I know that the answer to the following question should be out somewhere already, but I could not really find it, so if someone has a link I am happy to close this again.
I recently had to look back at the proof of separation of variables for some exercise I did, but I got stock with the proof of uniqueness:
Suppose we have the ODE
$$ x'(t) = f(x(t)), \ x(0) = x_0 $$
with $f(x_0) \neq 0$, $f$ continuos on $\mathbb{R}$. Then there exists some interval $I = (a,b)$ such that on $(a,b)$ the unique solution is given by $g^{-1}(t)$, with $$g(y) = \int_{x_0}^{y} \frac{1}{f(u)}du$$
Now to show that there exists some interval on which $g$ is well defined is easy, and then by the rules of differentiation one also gets that $g^{-1}(t)$ satisfies the ODE. However, for uniqueness the proof that I had learned is basically the same that is written down in this post.
I.e., one starts by observing that any hypothetical solution should satisfy
$$\frac{x'(t)}{f(x(t))} =1$$
and integrates this to show that the solution also has to satisfy $$ t = g(x(t))$$, which one then can invert on the given interval to show that indeed $x$ would have the correct form.
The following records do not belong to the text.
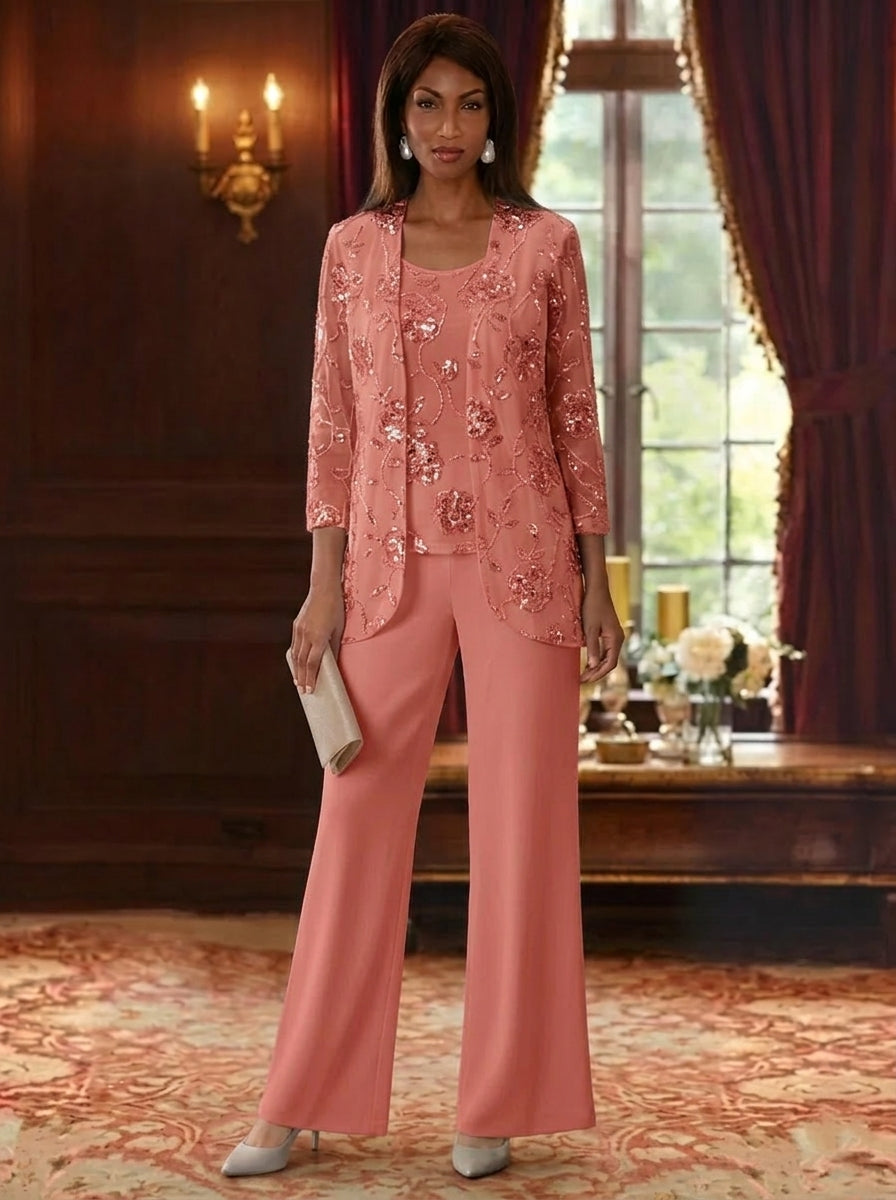 3 Pieces Suit Scoop Chiffon Mother of the Bride Pantsuits with Jacket Sequins Ankle-Length 3/4 Sleeves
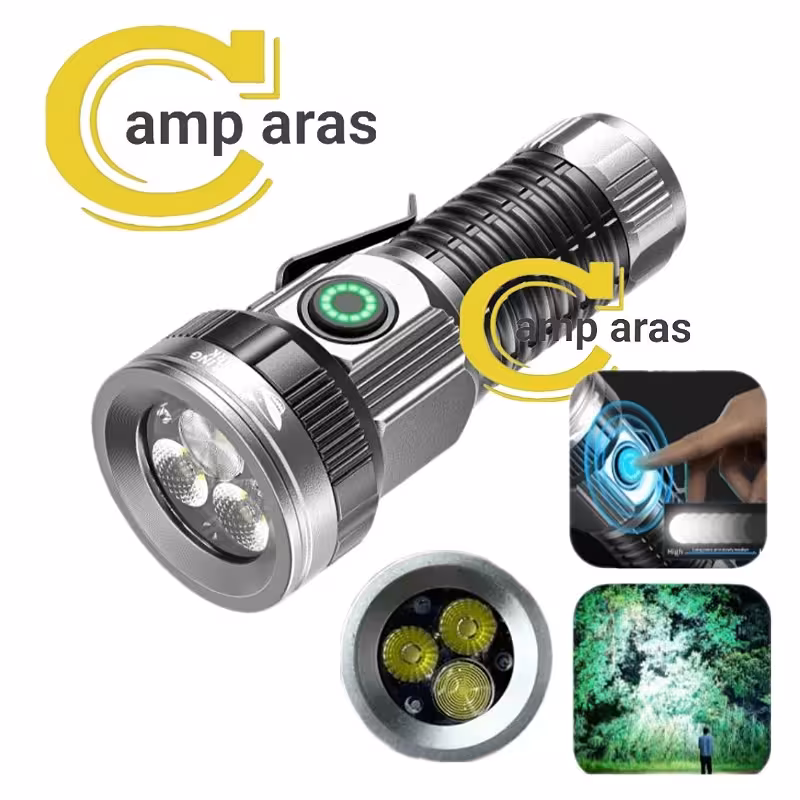 چراغ قوه جیبی کینساچ 3 لامپ KINSACH KS-196-1 اورجینال - کمپ آراس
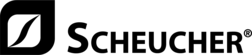 A black and white logo for scheucher on a white background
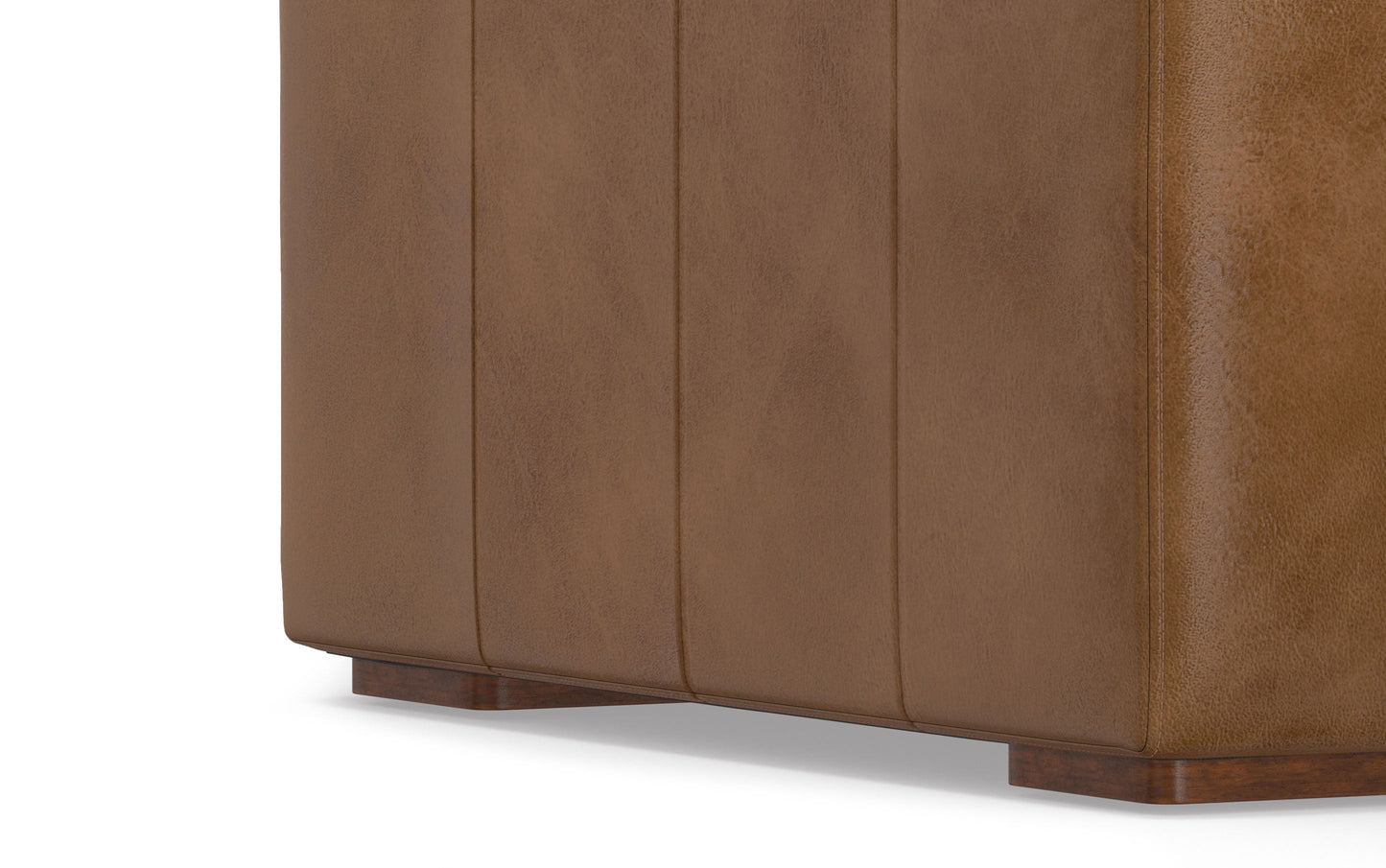 Caramel Brown Genuine Leather | Rex 2 Seater Sofa and Left Chaise in Genuine Leather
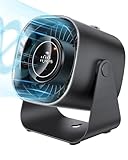Desk Fan,Quiet Portable Fan,5000mAh Air Circulator Fan with 100 Speeds 220 °Adjustable Tilt,Digital Display Small Table Fans for Bedroom,Office, Kitchen,Travel Camping Black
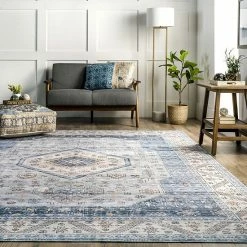 NuLOOM Elowyn Machine Washable Medallion Area Rug Blue -nuLOOM Sales Store unnamed file 2547
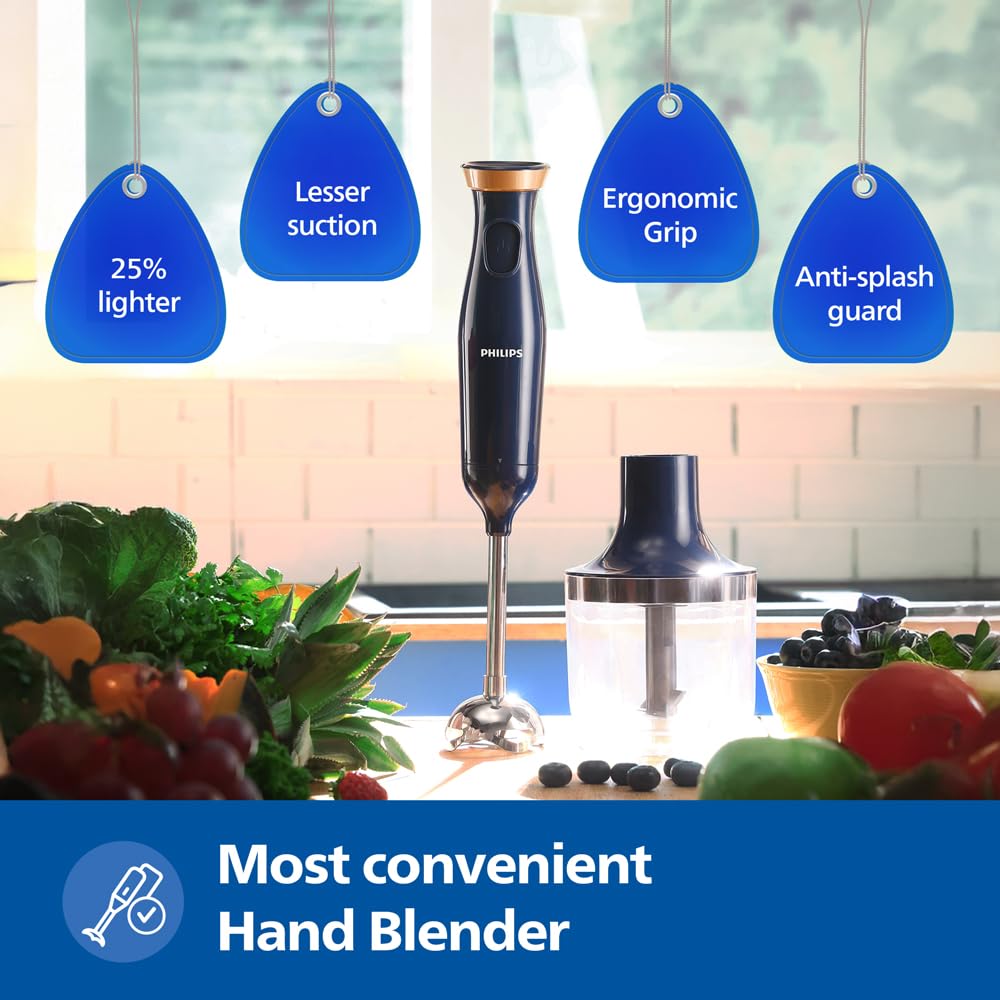 PHILIPS HL1683/00 Hand Blender | Powerful 300W Motor | with Rust free steel arm | Easy single trigger operation | Specially designed blades | Wall bracket for easy storage, 2year warranty Blue & White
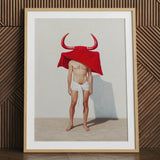 Framed Art Print Muscular Man Red Bull Horns Gay Matador’s Horny, Essence, Surreal Matador
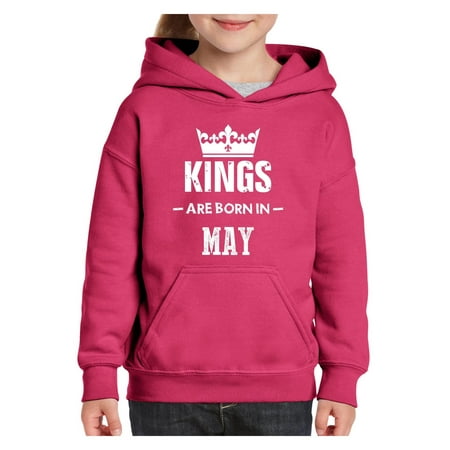 Birthday Gift Kings Are Born in May Unisex Hoodie For Girls and Boys Youth Sweatshirt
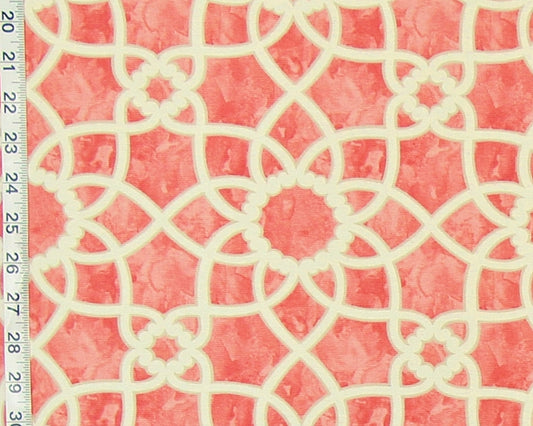 Orange lattice scroll fabric trellis tile watercolor : 60" Remnant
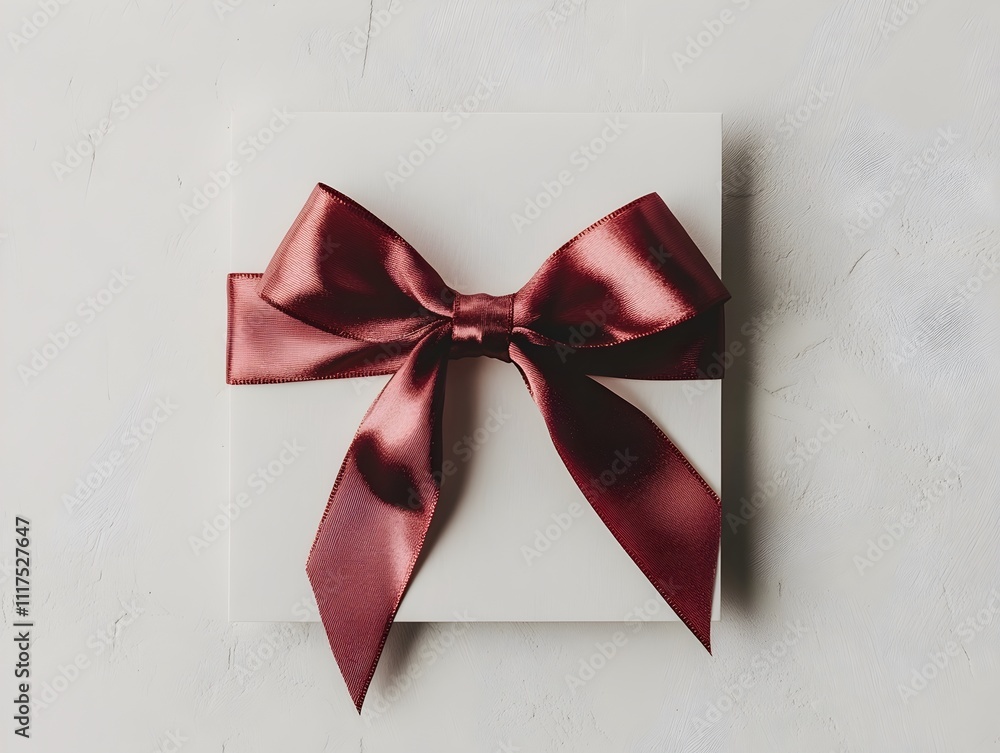 Close-up of Red Satin Bow on Gift Card Close-up of Red Satin Bow on Gift Card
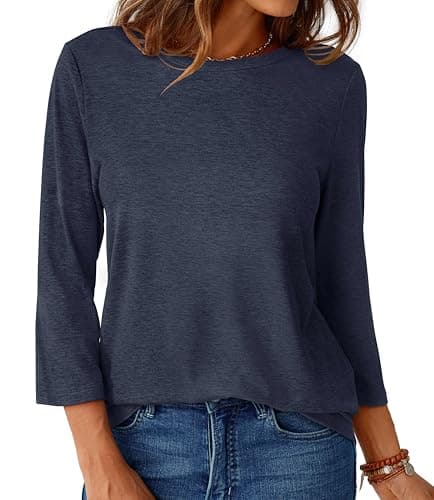 GKBK Womens Tops 3/4 Sleeve Shirts Round Neck Casual Blouses Basic Loose Fit Pullover Tshirts Navyblue L - Thumbnail 5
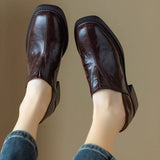 Breakj Thick Heel With High Heel Deep Mouth Square Head Single Shoes Female 2024 Spring New Versatile Comfortable Small Leather Shoes Cover Foot Low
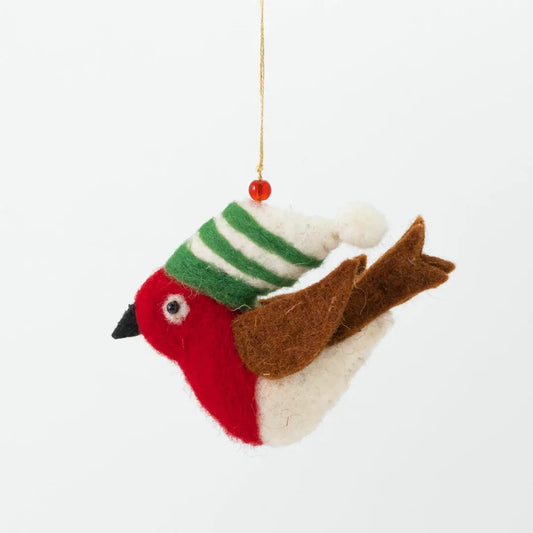 Robbie Robin in a Cool Hat Decoration (Set of 4)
However, to make sense of the above fraction, one would need to know a priori that on some interval we have $f(x(t)) \neq 0$. Now of course by continuity for any solution we will have an interval where this holds , but how do we get an interval $(a,b)$ that works for any solution (which then ofc immediately gives uniqueness on that interval) ?
You are looking at it wrong. You do not need an interval $[a,b]$ that "works for any solution". What you need is for any solution an interval $[a,b]$ that works.
Because $f(x_0) \ne 0$ and $f$ is continuous, there is an interval $[c, d]$, containing $x_0$ in its interior, on which $f$ is non-zero. And by continuity $f$ is single-signed on $[c,d]$, which means that $g$ is strictly monotone and invertible on $[c,d]$, carrying it to some interval $[a, b]$. And inversely $g^{-1}$ carries $[a,b]$ to $[c,d]$.
Now let $x(t)$ be an arbitrary solution, extended to its maximal domain.. As $x$ is continuous, there is some maximal interval $[a', b']$ carried by $x$ into $[c,d]$. By the argument you've indicated, $x = g^{-1}$ on their common domain. But if $[a,b]$ is not a subset of $[a',b']$ then we can extend $x$ to the larger domain by making it equal to $g^{-1}$ there as well. Thus $x$ is defined and equal to $g^{-1}$ on all of $[a,b]$.
Therefore $g^{-1}$ is the unique solution inside $[a,b]$.